DATA SHOWN Block Start
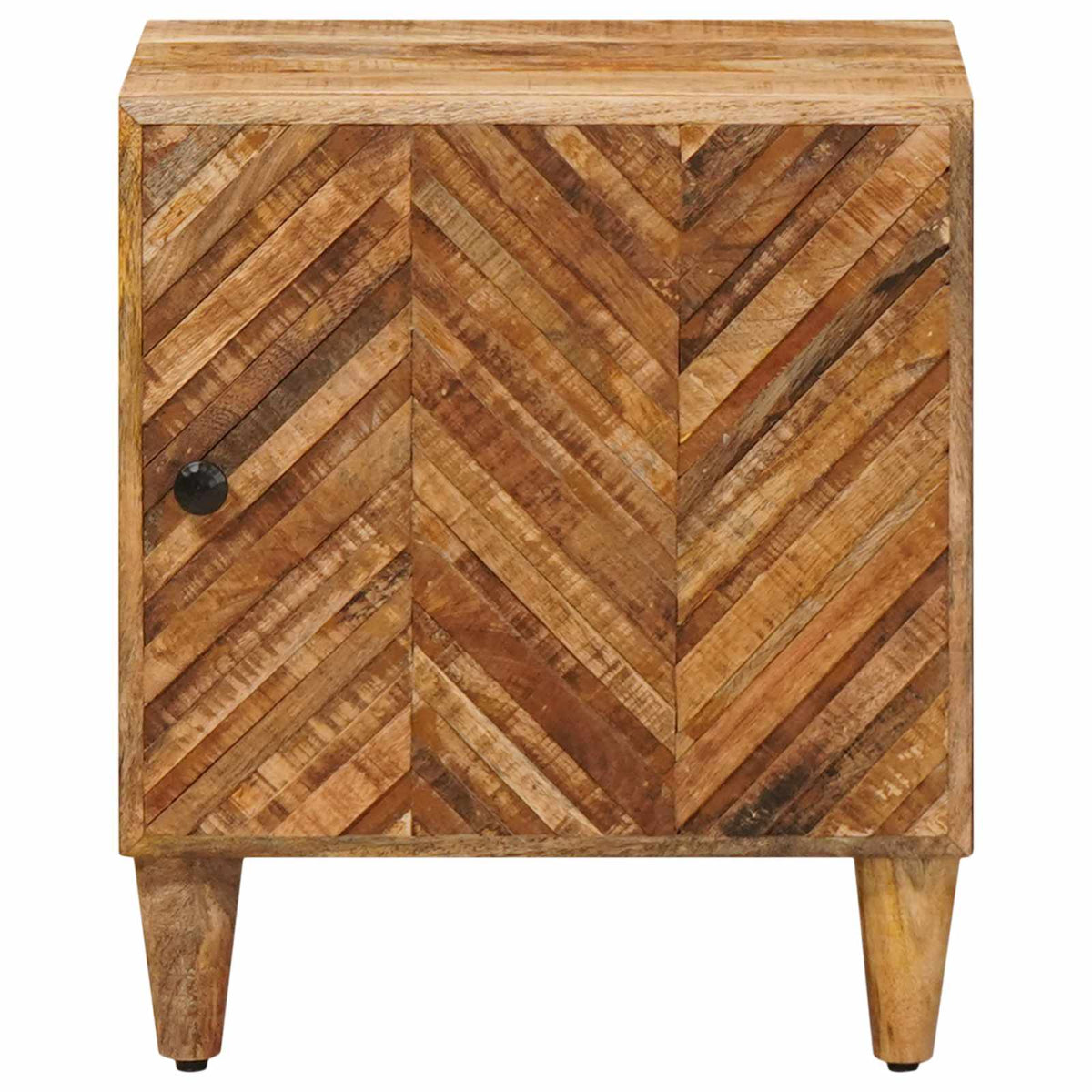 vidaXL Bedside Table Brown 40 x 33 x 46 cm Solid Mango Wood 3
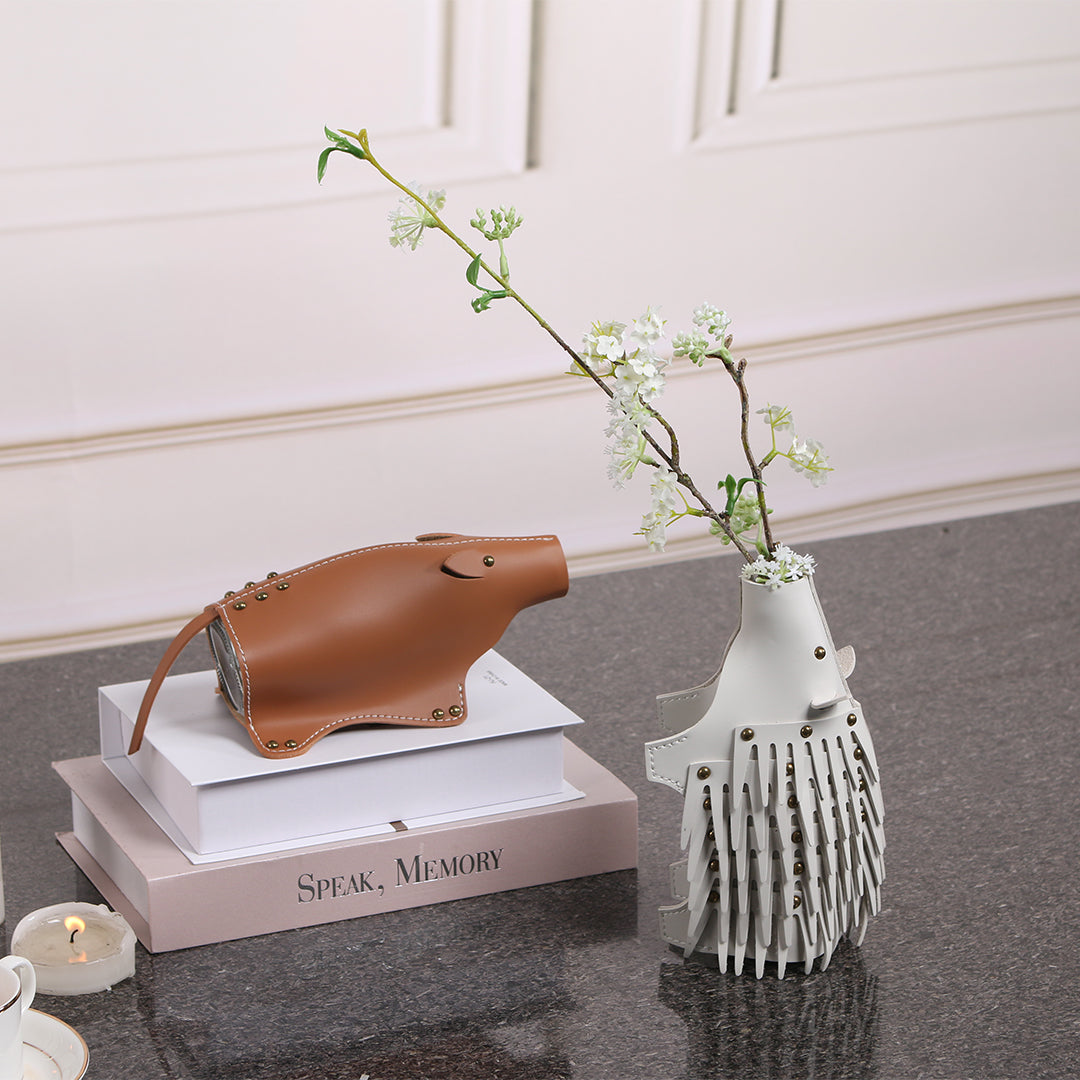 Hedgehog Vase/Sculpture KB3025 -  Vases - ebarza Furniture UAE | Shop Modern Furniture in Abu Dhabi & Dubai - مفروشات ايبازرا في الامارات | تسوق اثاث عصري وديكورات مميزة في دبي وابوظبي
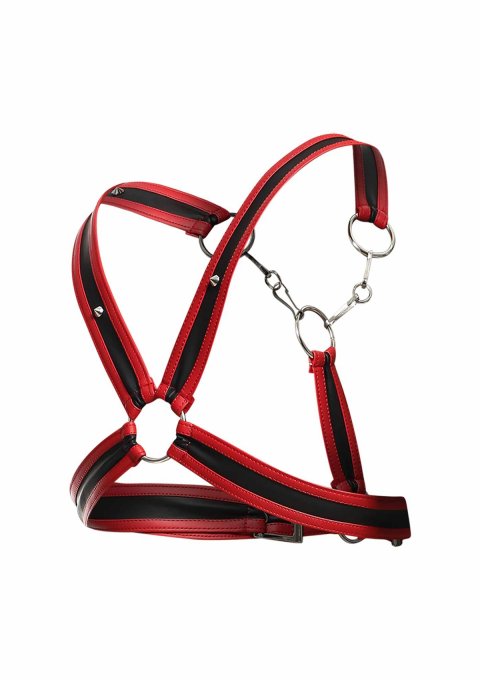 Harnais Cross Chain Dngeon Noir-Rouge
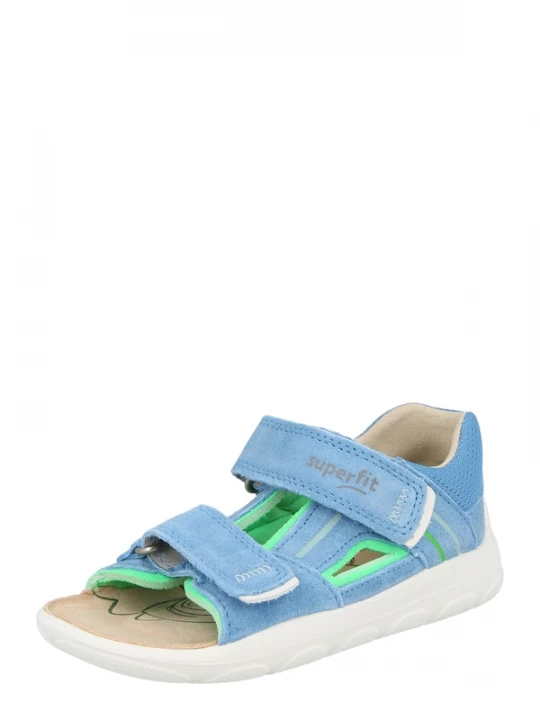 Foto van product SUPERFIT Sandalen 'Nino' lichtblauw / neongroen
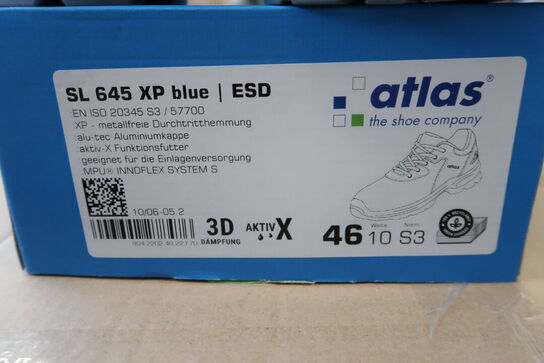 1 Par Atlas | Sko | Sort/blå | 46 Model nr: 1465355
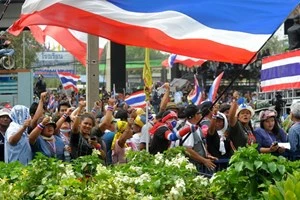 Anti-government demonstrators rallied in Bangkok on February 20 (Source: AFP)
DATA SHOWN Block End
• [TASK PROMPT]
Your task is to print exactly the lines from the one containing "Foto van product" through the final line of the records above, with no pictures and nothing more.

• [RESULT]
 Foto van product SUPERFIT Sandalen 'Nino' lichtblauw / neongroen
 1 Par Atlas | Sko | Sort/blå | 46 Model nr: 1465355
 Anti-government demonstrators rallied in Bangkok on February 20 (Source: AFP)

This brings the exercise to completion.